Look below for the line holding "Remera de manga" and the line holding "Детская кроватка с маятником круглая". Repeat those two and everything between, exactly.
-=-=-=-=-
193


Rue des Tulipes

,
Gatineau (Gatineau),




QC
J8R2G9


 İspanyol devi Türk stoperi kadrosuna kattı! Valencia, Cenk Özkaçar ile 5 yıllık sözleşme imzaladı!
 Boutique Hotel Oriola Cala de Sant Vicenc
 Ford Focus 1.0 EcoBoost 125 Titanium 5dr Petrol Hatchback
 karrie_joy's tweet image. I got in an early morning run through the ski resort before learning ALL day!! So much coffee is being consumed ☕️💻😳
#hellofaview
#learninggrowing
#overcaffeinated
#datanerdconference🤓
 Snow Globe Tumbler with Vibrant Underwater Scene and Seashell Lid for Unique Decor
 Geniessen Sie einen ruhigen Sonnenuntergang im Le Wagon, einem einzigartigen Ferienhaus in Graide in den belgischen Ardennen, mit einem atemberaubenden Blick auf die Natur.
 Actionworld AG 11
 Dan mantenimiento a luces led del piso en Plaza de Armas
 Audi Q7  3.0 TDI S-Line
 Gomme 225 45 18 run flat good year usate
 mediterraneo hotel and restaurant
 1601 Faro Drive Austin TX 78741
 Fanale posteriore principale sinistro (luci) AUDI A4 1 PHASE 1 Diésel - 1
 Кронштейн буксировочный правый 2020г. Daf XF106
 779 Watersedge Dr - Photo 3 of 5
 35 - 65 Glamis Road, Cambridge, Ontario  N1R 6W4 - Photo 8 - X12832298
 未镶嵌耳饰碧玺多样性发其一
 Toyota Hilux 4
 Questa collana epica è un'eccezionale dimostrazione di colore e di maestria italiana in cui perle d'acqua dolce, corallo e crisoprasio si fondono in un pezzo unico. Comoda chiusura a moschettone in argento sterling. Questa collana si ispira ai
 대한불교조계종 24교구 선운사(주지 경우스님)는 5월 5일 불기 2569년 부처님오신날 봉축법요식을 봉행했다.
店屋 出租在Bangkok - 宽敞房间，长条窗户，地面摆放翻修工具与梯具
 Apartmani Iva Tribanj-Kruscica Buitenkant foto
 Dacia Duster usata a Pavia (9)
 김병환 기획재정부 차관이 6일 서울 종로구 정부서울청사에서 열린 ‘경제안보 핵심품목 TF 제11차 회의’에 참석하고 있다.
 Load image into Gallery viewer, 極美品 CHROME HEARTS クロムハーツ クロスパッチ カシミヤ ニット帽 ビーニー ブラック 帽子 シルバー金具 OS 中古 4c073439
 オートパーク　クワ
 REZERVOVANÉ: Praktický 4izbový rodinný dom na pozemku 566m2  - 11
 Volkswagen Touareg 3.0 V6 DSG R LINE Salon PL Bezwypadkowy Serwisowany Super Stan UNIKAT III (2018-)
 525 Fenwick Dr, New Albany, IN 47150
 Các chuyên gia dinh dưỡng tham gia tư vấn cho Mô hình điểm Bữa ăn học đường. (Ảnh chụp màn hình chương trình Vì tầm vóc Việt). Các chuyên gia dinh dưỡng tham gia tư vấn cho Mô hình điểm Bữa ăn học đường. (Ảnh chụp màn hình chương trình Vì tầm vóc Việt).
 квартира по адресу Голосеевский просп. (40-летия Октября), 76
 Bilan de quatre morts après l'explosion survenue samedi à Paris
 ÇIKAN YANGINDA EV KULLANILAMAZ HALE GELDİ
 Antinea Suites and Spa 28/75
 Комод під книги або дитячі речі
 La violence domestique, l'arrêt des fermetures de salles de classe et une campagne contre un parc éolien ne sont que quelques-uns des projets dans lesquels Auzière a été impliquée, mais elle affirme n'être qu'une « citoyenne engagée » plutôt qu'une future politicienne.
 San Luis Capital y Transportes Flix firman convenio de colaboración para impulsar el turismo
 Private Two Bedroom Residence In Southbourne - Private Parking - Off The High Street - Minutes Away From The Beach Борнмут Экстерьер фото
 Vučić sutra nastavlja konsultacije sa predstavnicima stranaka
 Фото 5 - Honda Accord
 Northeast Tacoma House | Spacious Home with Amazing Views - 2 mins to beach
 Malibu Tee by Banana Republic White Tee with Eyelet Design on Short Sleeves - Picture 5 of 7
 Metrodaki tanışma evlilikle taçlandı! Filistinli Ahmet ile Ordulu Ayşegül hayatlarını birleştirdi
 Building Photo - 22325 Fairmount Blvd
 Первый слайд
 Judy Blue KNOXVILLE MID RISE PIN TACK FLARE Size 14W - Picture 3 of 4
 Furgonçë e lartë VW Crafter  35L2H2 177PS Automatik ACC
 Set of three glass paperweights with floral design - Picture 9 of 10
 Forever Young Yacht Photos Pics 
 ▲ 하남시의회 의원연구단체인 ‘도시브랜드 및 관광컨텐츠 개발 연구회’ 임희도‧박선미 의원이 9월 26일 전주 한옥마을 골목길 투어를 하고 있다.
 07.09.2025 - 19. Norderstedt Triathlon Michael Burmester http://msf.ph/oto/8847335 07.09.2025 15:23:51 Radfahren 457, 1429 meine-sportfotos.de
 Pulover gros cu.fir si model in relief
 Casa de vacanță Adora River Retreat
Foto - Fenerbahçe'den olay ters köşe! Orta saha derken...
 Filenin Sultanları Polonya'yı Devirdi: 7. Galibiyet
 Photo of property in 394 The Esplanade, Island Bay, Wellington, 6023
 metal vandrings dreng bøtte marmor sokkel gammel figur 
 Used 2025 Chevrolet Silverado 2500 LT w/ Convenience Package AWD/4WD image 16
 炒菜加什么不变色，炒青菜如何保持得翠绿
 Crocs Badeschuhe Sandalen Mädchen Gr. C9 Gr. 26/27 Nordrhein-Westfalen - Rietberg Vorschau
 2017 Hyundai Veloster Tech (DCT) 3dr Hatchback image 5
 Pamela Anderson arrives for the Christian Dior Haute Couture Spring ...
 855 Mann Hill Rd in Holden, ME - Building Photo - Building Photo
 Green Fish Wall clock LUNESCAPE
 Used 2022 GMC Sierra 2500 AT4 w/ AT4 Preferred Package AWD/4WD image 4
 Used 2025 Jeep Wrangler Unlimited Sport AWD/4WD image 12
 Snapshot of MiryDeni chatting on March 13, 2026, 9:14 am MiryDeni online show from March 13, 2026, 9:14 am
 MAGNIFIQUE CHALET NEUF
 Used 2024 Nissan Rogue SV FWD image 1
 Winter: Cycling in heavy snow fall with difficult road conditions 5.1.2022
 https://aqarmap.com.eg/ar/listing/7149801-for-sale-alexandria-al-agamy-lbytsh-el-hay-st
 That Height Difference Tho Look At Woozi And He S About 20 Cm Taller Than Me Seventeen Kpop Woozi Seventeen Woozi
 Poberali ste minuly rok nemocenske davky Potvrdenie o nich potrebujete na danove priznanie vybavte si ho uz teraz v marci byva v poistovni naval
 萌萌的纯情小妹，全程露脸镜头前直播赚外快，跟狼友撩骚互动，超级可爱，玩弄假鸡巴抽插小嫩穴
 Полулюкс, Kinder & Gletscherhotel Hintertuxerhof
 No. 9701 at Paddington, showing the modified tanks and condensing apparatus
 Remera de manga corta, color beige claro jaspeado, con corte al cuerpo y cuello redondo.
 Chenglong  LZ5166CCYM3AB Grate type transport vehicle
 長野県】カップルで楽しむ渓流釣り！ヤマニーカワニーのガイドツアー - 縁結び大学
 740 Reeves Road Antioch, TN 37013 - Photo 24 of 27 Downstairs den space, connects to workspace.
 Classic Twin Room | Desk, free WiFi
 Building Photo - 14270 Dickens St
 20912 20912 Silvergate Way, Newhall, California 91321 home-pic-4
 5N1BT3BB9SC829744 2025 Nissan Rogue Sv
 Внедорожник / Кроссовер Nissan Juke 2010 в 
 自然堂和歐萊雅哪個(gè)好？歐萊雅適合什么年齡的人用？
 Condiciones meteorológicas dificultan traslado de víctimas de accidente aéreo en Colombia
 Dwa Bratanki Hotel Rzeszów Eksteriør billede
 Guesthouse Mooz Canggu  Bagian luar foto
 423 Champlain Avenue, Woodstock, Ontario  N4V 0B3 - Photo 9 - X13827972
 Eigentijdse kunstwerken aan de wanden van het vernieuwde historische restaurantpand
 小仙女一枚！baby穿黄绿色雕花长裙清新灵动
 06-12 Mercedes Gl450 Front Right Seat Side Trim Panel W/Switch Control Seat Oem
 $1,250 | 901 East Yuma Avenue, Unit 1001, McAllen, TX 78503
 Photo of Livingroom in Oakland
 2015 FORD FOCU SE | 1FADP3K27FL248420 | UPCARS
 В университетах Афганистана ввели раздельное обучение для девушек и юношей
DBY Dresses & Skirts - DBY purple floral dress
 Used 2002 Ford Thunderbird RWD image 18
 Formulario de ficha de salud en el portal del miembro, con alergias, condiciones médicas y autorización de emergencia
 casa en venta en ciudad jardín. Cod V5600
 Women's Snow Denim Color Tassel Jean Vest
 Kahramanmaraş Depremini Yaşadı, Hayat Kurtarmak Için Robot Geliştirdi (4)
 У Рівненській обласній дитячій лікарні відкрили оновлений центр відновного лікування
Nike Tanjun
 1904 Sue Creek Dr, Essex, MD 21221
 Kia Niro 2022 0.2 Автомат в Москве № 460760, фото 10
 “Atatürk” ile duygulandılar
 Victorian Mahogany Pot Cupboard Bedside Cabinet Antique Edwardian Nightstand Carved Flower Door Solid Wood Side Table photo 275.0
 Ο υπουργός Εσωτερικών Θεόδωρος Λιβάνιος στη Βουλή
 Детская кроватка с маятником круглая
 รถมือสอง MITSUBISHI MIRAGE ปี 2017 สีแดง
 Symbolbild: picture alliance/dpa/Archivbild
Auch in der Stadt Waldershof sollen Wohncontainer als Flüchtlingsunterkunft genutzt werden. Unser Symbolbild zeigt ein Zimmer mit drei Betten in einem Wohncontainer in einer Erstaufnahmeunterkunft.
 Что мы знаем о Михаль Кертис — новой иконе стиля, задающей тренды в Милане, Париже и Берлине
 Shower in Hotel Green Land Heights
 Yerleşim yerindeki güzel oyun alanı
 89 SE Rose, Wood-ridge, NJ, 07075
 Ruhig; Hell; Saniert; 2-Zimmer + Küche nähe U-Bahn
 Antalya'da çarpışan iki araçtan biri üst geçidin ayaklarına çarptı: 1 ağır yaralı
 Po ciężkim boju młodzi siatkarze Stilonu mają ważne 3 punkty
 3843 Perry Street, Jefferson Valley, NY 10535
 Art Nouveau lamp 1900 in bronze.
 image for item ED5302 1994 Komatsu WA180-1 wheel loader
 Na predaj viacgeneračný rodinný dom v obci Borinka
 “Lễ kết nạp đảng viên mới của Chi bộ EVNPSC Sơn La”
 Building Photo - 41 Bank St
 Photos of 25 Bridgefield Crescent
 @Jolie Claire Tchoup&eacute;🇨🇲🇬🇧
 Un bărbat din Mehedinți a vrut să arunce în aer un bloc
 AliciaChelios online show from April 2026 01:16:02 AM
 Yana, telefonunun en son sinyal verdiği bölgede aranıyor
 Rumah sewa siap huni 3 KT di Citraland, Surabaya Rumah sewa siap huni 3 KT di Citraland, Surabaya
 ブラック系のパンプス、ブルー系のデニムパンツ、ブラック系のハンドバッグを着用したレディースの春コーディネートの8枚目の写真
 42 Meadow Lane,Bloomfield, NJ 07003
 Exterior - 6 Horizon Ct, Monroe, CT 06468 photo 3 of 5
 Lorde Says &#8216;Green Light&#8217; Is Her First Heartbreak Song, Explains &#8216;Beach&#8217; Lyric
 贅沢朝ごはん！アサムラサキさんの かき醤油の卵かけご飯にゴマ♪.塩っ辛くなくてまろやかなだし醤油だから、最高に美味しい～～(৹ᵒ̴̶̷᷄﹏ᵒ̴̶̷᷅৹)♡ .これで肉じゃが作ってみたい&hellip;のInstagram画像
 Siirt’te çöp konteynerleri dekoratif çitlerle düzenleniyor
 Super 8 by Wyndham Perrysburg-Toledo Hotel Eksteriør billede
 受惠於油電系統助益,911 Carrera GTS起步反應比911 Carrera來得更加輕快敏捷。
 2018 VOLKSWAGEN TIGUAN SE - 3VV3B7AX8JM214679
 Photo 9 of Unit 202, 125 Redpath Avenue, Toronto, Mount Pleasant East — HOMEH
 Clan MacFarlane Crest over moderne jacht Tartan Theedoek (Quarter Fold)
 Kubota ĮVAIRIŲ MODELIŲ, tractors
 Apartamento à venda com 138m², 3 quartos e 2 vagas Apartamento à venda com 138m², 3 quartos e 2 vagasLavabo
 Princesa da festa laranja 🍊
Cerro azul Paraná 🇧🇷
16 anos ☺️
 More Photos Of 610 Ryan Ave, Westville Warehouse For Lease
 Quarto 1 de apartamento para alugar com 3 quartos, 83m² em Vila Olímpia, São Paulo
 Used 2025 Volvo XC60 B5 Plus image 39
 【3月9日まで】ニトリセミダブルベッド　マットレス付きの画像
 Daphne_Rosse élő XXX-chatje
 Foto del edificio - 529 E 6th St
-=-=-=-=-
**Completed exercise**.
 Remera de manga corta, color beige claro jaspeado, con corte al cuerpo y cuello redondo.
 Chenglong  LZ5166CCYM3AB Grate type transport vehicle
 長野県】カップルで楽しむ渓流釣り！ヤマニーカワニーのガイドツアー - 縁結び大学
 740 Reeves Road Antioch, TN 37013 - Photo 24 of 27 Downstairs den space, connects to workspace.
 Classic Twin Room | Desk, free WiFi
 Building Photo - 14270 Dickens St
 20912 20912 Silvergate Way, Newhall, California 91321 home-pic-4
 5N1BT3BB9SC829744 2025 Nissan Rogue Sv
 Внедорожник / Кроссовер Nissan Juke 2010 в 
 自然堂和歐萊雅哪個(gè)好？歐萊雅適合什么年齡的人用？
 Condiciones meteorológicas dificultan traslado de víctimas de accidente aéreo en Colombia
 Dwa Bratanki Hotel Rzeszów Eksteriør billede
 Guesthouse Mooz Canggu  Bagian luar foto
 423 Champlain Avenue, Woodstock, Ontario  N4V 0B3 - Photo 9 - X13827972
 Eigentijdse kunstwerken aan de wanden van het vernieuwde historische restaurantpand
 小仙女一枚！baby穿黄绿色雕花长裙清新灵动
 06-12 Mercedes Gl450 Front Right Seat Side Trim Panel W/Switch Control Seat Oem
 $1,250 | 901 East Yuma Avenue, Unit 1001, McAllen, TX 78503
 Photo of Livingroom in Oakland
 2015 FORD FOCU SE | 1FADP3K27FL248420 | UPCARS
 В университетах Афганистана ввели раздельное обучение для девушек и юношей
DBY Dresses & Skirts - DBY purple floral dress
 Used 2002 Ford Thunderbird RWD image 18
 Formulario de ficha de salud en el portal del miembro, con alergias, condiciones médicas y autorización de emergencia
 casa en venta en ciudad jardín. Cod V5600
 Women's Snow Denim Color Tassel Jean Vest
 Kahramanmaraş Depremini Yaşadı, Hayat Kurtarmak Için Robot Geliştirdi (4)
 У Рівненській обласній дитячій лікарні відкрили оновлений центр відновного лікування
Nike Tanjun
 1904 Sue Creek Dr, Essex, MD 21221
 Kia Niro 2022 0.2 Автомат в Москве № 460760, фото 10
 “Atatürk” ile duygulandılar
 Victorian Mahogany Pot Cupboard Bedside Cabinet Antique Edwardian Nightstand Carved Flower Door Solid Wood Side Table photo 275.0
 Ο υπουργός Εσωτερικών Θεόδωρος Λιβάνιος στη Βουλή
 Детская кроватка с маятником круглая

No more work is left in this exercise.